Bunun üzerine Davutoğlu, "Bu büyük bir şeref. Herkese ulaşabilmek büyük bir şeref. O zaman arkadaşça konuşalım. Siz de benim gibi kravatsız şekilde kralın huzuruna çıkın" ifadelerini kullandı.
Akbay'ın, "Sayın Başbakanım radyonun sizin hayatınızdaki yeri nedir?" sorusu üzerine Davutoğlu, "Her şeyden önce çocukluğumuzda, hala evde sakladığımız bir radyomuz var. Onun başında maç dinlerdik, arkası yarın dinlerdik. Lise yarışmaları olurdu, cumartesi akşamları. Böyle heyecanla onun başına oturup bir şekilde bir iletişimle, gezegenden gelen bir sesi duyar gibi, o büyülü kutunun içinden şarkılar, haberler, maçlar dinlerdik" diye konuştu.
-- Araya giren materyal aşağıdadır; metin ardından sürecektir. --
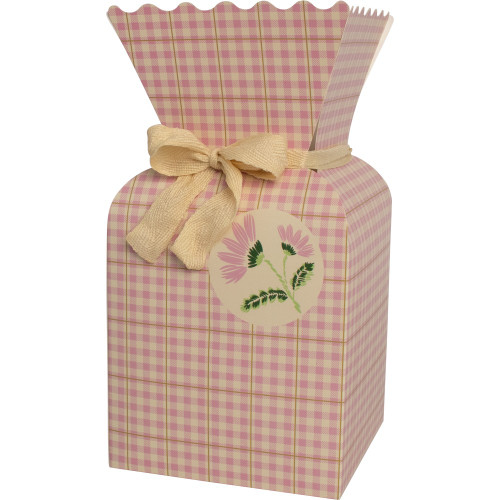 Bouquet Box - Spring Gingham Pink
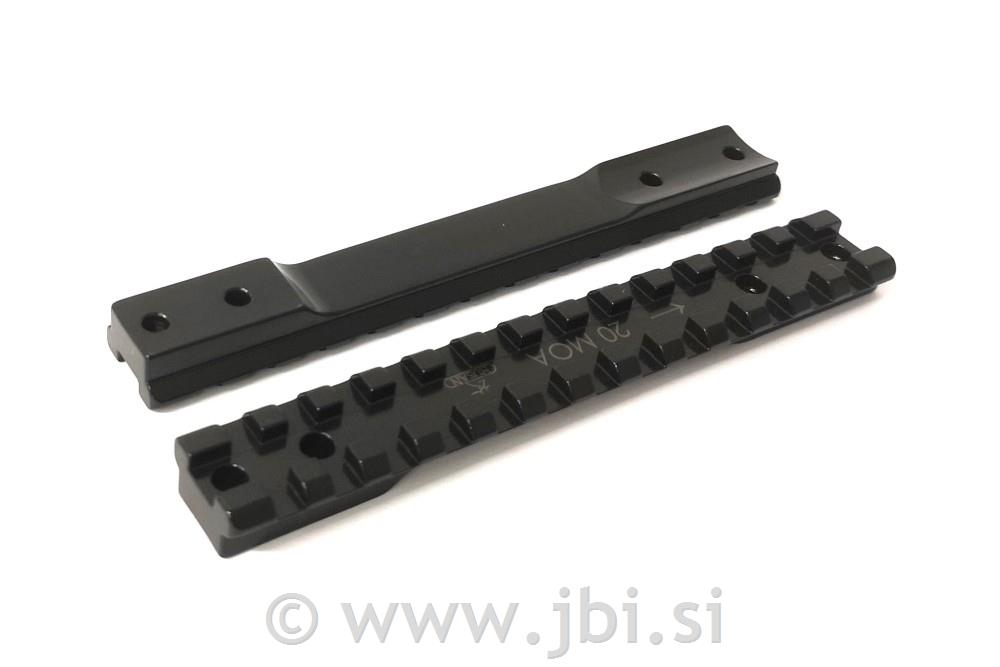 Picatinny letev - Bergara B14 (SA, B=92,3 L=140) - 20 MOA 010-48-SA-20MOA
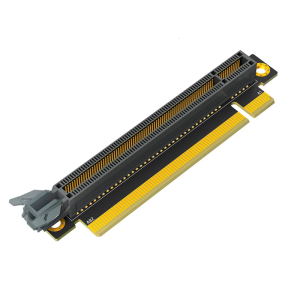 PCIE 16X to 16X Reverse Adapter Card 90 Degree for 1U Computer Connection and Expansion Module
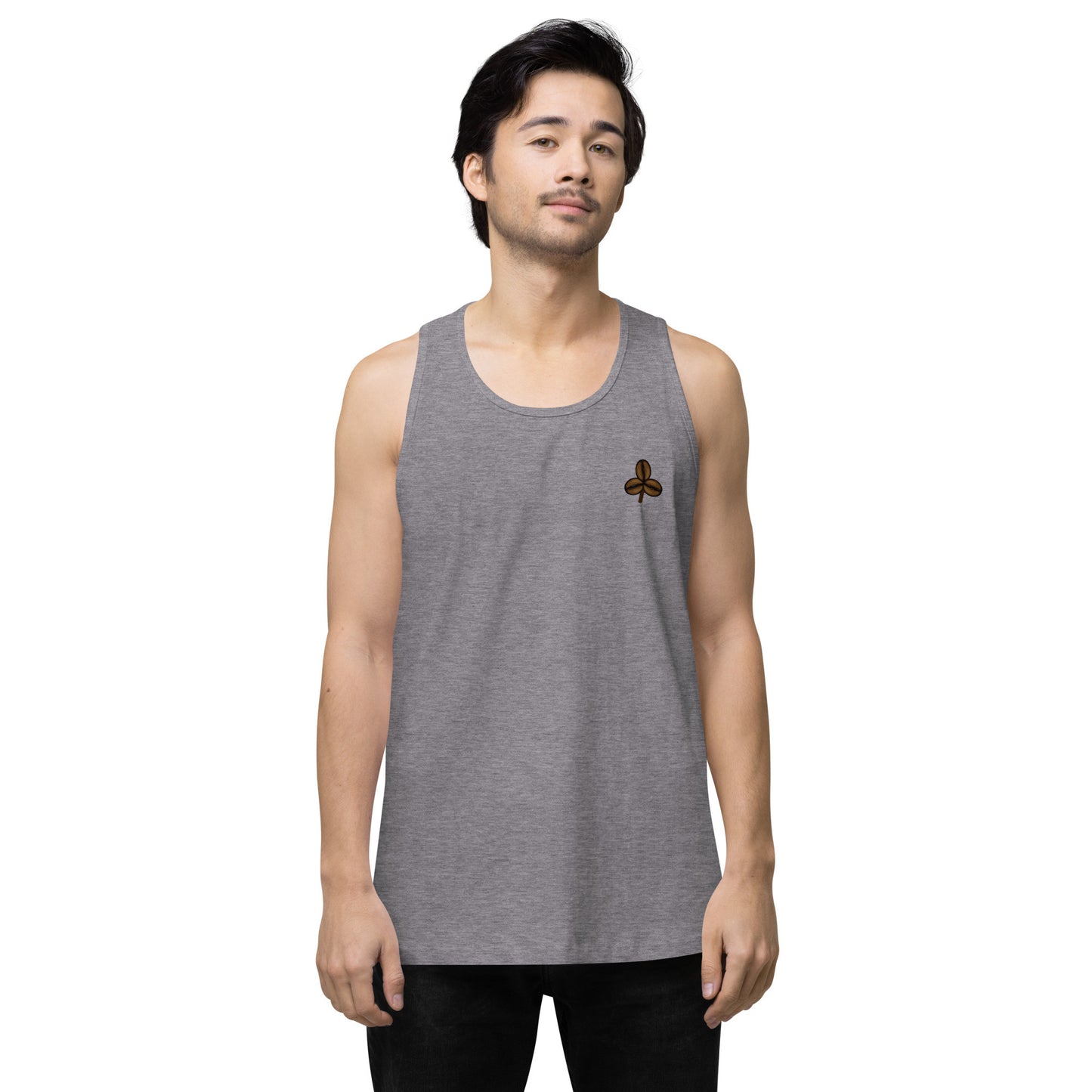 Coffee Clover Men’s Tank Top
Davutoğlu, radyodan çıkan sesin kendisine şaşkınlık verdiğini anlatarak, şöyle devam etti:
"Ama nihayet evin ortasına kurulmuş, yani televizyonlar var onun için hayal etmek biraz zor ama evin en müntehap köşesinde bir radyo olurdu ve herkes onun başında, etrafında olurdu. Ya da bir şey yapıyorsanız bir taraftan radyo açıp bir şeyler yazıyorsunuz. Televizyon bunu değiştirdi. Televizyon daha sihirli gelmiyor. Çünkü görüyorsunuz. Diğeri ise gaipten bir sesle hitap ediliyor size. O da etkileyici. Hayal kurmanıza engel olmuyor. Yani görmeden, işte tefekkür böyle başlar. Ben bir kitabımın girişinde düşünmek, konuşmak ve yazmak üzerine bir bölüm yazmıştım. Düşündüğünüz zaman sınırınız yok. Her şeyi tahayyül edersiniz. Konuşurken bu neredeyse onda bire iner. Yazmaya başladığınız da üslup daha da onu sınırlar. Şimdi radyo bizi tefekküre, hayale sevk ediyor. Bir canlandırmaya, görünen değil de görünmeyen, soyuta yönlendiriyordu. O bakımdan bir anlamı vardı."
- "Sarı Gelin'le zihnimde Erzurum ve Kafkaslar canlanır"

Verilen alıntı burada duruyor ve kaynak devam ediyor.